Ask HN: How do you manage new feature requests for your application? - akshaye

Basically, what i'm planning to do is to include a minimal number of features in my application, partially because of the 'do less' thing and actually, because i'm not very sure of what path the app should take in future; so i want the users to define what should be added next.<p>So i was wondering what would be a good way to collect users' reactions and requests? Should i just have a feedback form (problem with that is that users wont know what other features are being asked for)? Or, should i use something like uservoice.com (though it seems, it might lead users to bias towards certain features)?<p>What do you think?
======
cperciva
_So i was wondering what would be a good way to collect users' reactions and
requests?_

Check your email.

No, I don't mean right now. Well, sure, actually. Check your email right now.
And every 5 minutes while you're awake for the rest of the year.
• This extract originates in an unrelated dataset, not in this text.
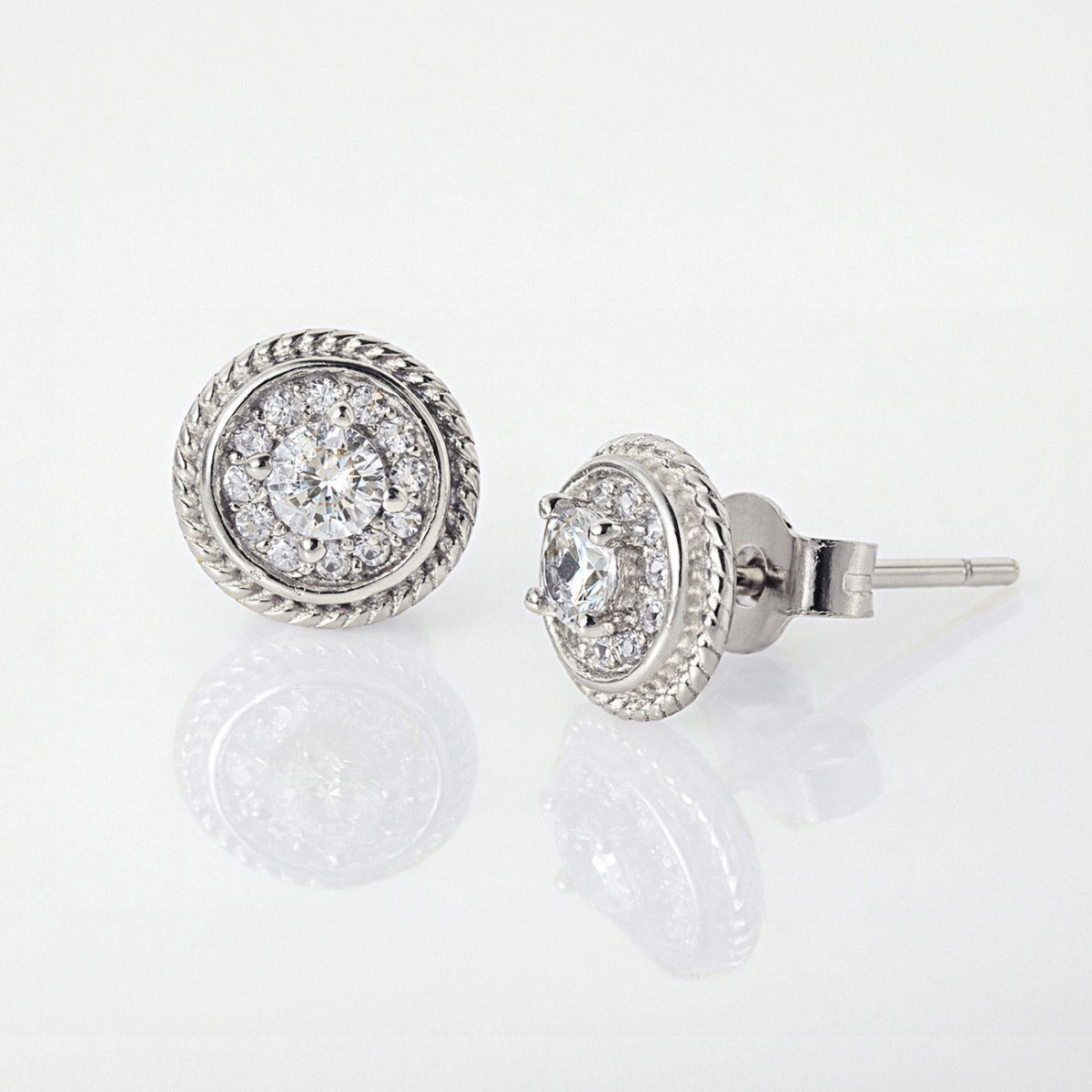 Sterling silver roped halo studs with white zirconia, front and side view on a white background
When you get an email from a user, reply to it. Get into a conversation with
your users. Find out who they are. Tell them what features you're thinking
about adding next, and ask for their opinions.

The biggest problem you'll ever have with collecting feature requests is the
people who have great ideas but are too polite to bother you with them. If you
can get those people to see you as a friendly human rather than as a faceless
business, they'll be far more likely to send you their ideas.

------
rdrimmie
I think it depends a bit on how relevant community is to your application. If
there's a community of users that is built up naturally by using your app
(like there is at say Stack Overflow, which uses UserVoice) then you'll want
to provide a place for the community to talk about features.
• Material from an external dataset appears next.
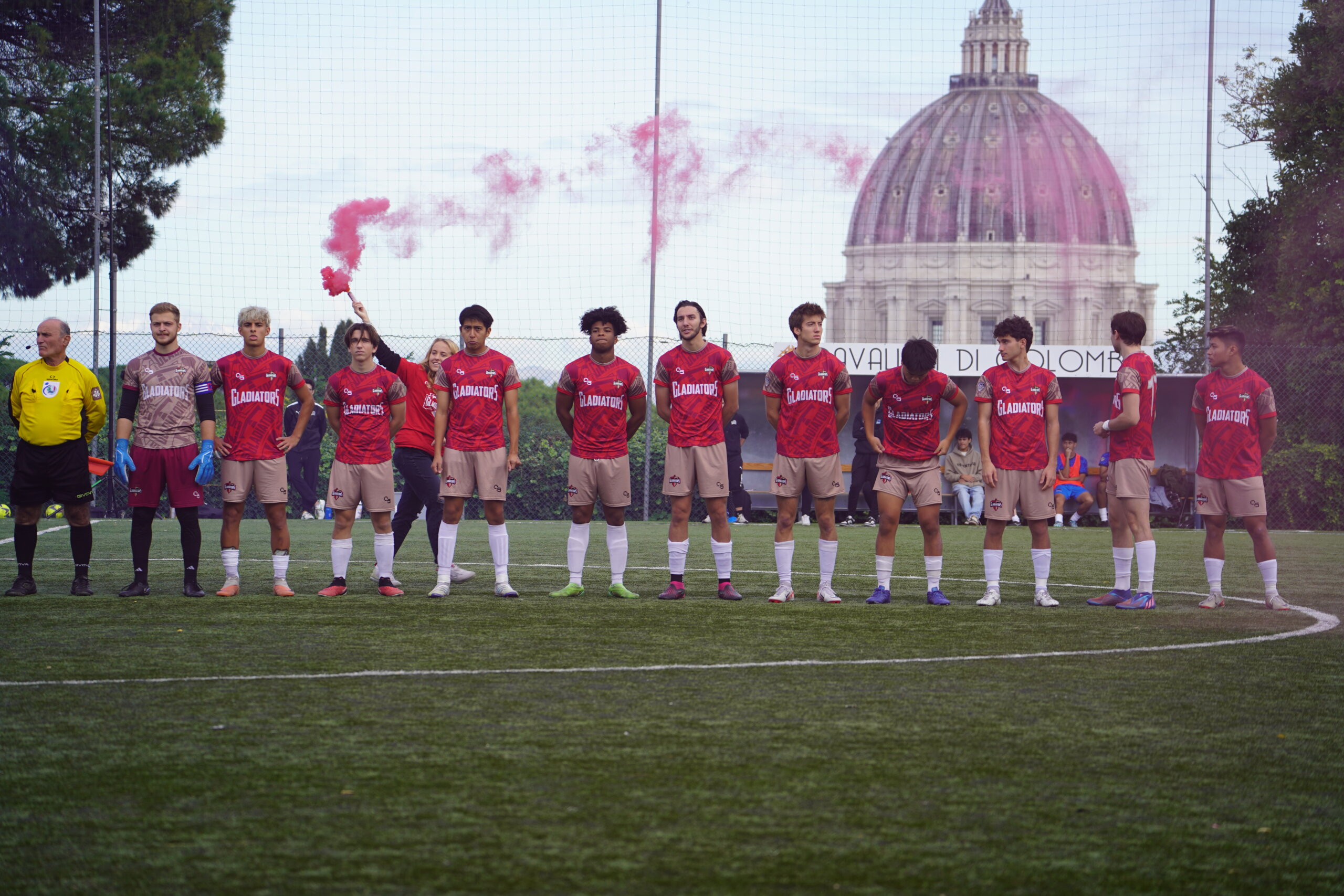 Rome City Institute soccer team lined up before a match with St. Peter's Basilica dome in the distance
If your various users are generally unaware of each other, then I think that
having a place for them to send you suggestions is fine.

My general thought is that building a system to handle suggestions before you
have any is mildly premature. Provide an obvious way for users to send
suggestions - a form or a prominent email address is usually fine - but wait
until the flood of suggestions becomes a problem before solving it.

------
jfornear
Be careful leaving the future of your app open to user feedback, especially
when it comes to feature requests.

A good talk on this topic (by 37signals' Jason Fried):
<http://www.youtube.com/watch?v=4H8RB24ZfRo>